Developing an Adaptive Cruise Controller for the Car in Drive Simulator (with Lab Students):

The objective is to develop an adaptive cruise controller that automatically adjusts the speed of the car in order to keep a preset (target) time interval to the vehicle ahead. The controller should provide a stable (non-oscillatory) control of the speed of the car in various driving conditions (e.g., preset time intervals, changes in the preset time intervals, speed of the car, speed of the vehicle ahead, approaching speed, etc.) regardless of the nonlinearities in the controlled systems of the car and feedback delays.

Evolving the Undulatory Swimming Gaits of Fish Robot (with Lab Students):

The objective is to evolve the optimal parameters of the central pattern generator (CPG) of Fish robot. Summary: (i) To account for vortices, a real robot (rather than a software simulation) is used. (ii) We adopted genetic algorithm (GA) to optimize the values of parameters of CPG of the bot. (iii) We consider the optimality from three viewpoints - maximum (static) thrust, maximum speed, or maximum energy efficiency. (iv) The value of Strouhal number might be used for estimating analytically (instead of evolving) some parameters of CPG. (v) The system consist of four subsystems: GA, CPG, optical tracker, and the bot. (vi) We view the monitoring and management of ecological systems as main application domain.

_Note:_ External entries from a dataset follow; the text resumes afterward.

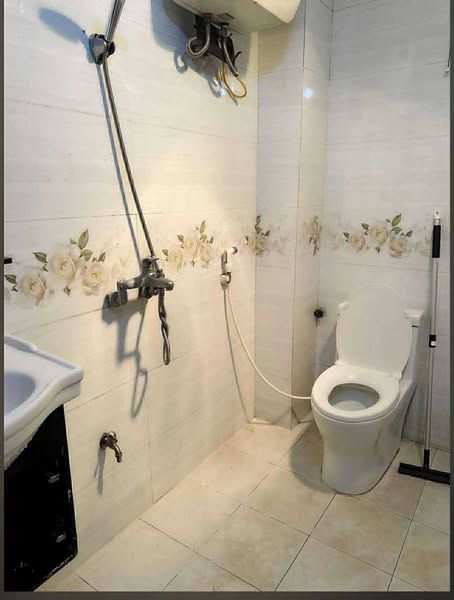 Cho thuê nhà 3 tầng đường Phan Đình Phùng, dt 70m2 gồm 3pn 2wc. Giá 4tr/ tháng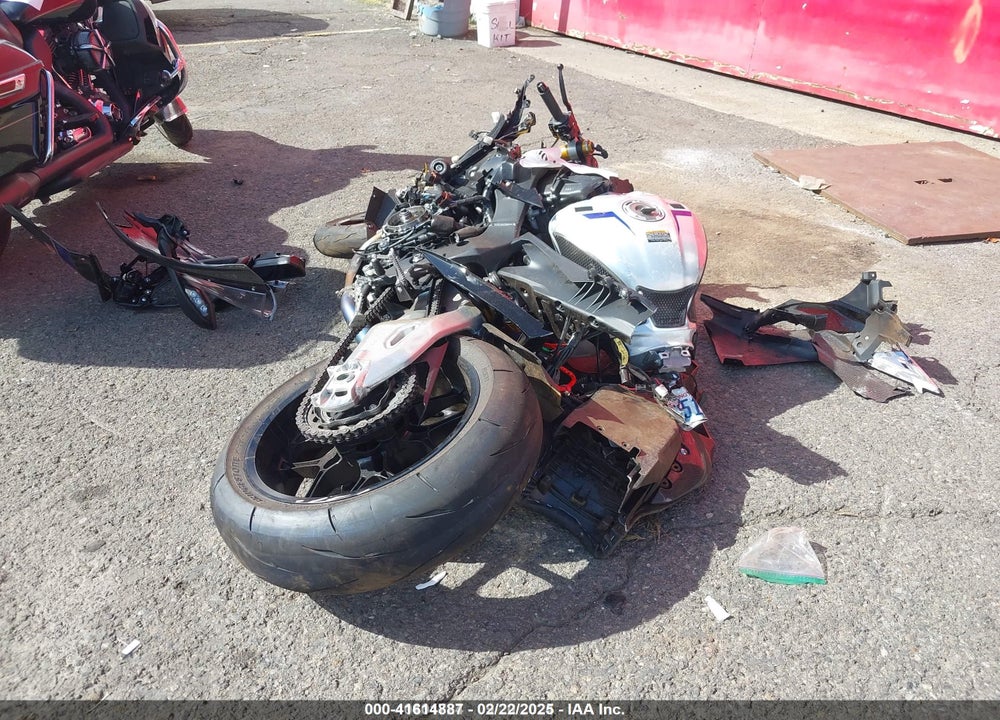 2024 YAMAHA YZFR1M VIN: JYARN67E3RA000655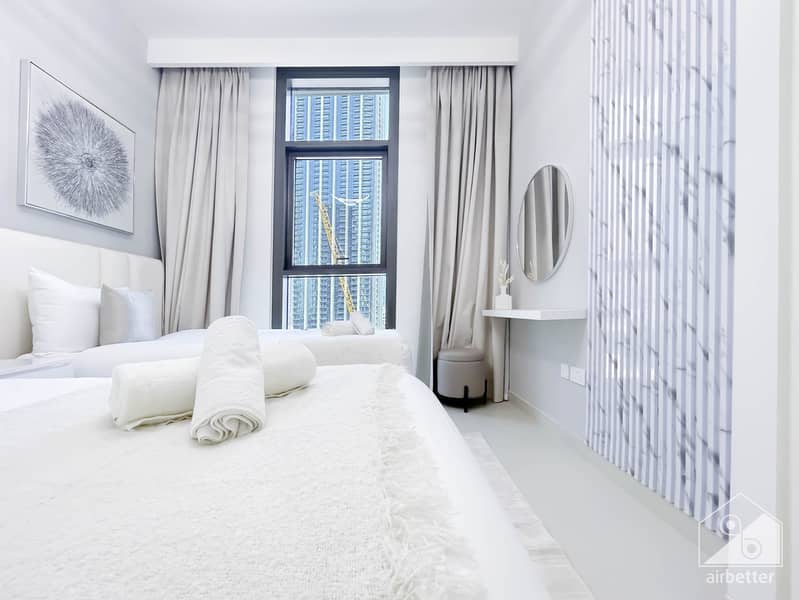 41 Crown Tower - 1207 - Room 3 -1. jpg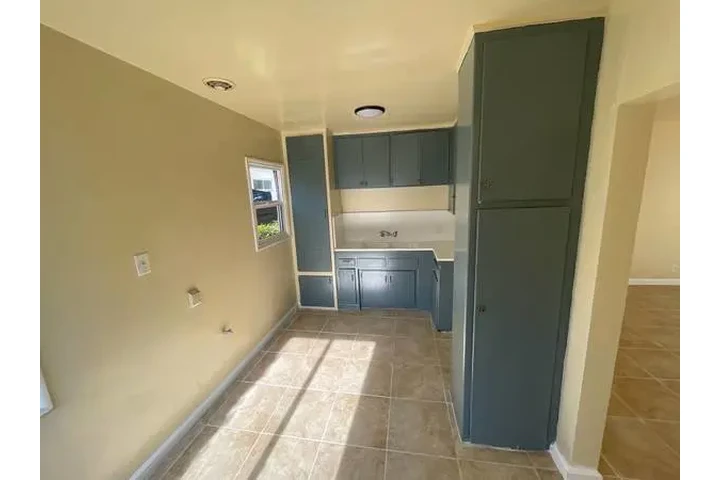 $2495 : 2 bed/1 bath Westchester $2495 image 3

Evolving Societies of Agents that Do Not Compute (with Lab Students):

In this research we focus on societies of very simple agents. The latter -- inntended to model the emerging micro- and nano-robots -- are morphologically simple. They feature a single line-of-sight sensor with a limited range, and a simple control of their two thrusters. The agents are behaviorally simple too -- their decision-making involves no computing, rather -- a direct mapping of the few perceived environmental states into corresponding pairs of thrust values. We apply genetic algorithms to evolve such a mapping that results in complex behaviors -- dispersing, shepherding, surrounding, capturing, etc. -- of the society of these simple agents. Also, we are interested in exploring the effects of morphological asymmetry (i.e., angular offset of the line-of-sight sensor) on generality and robustness of these complex behaviors.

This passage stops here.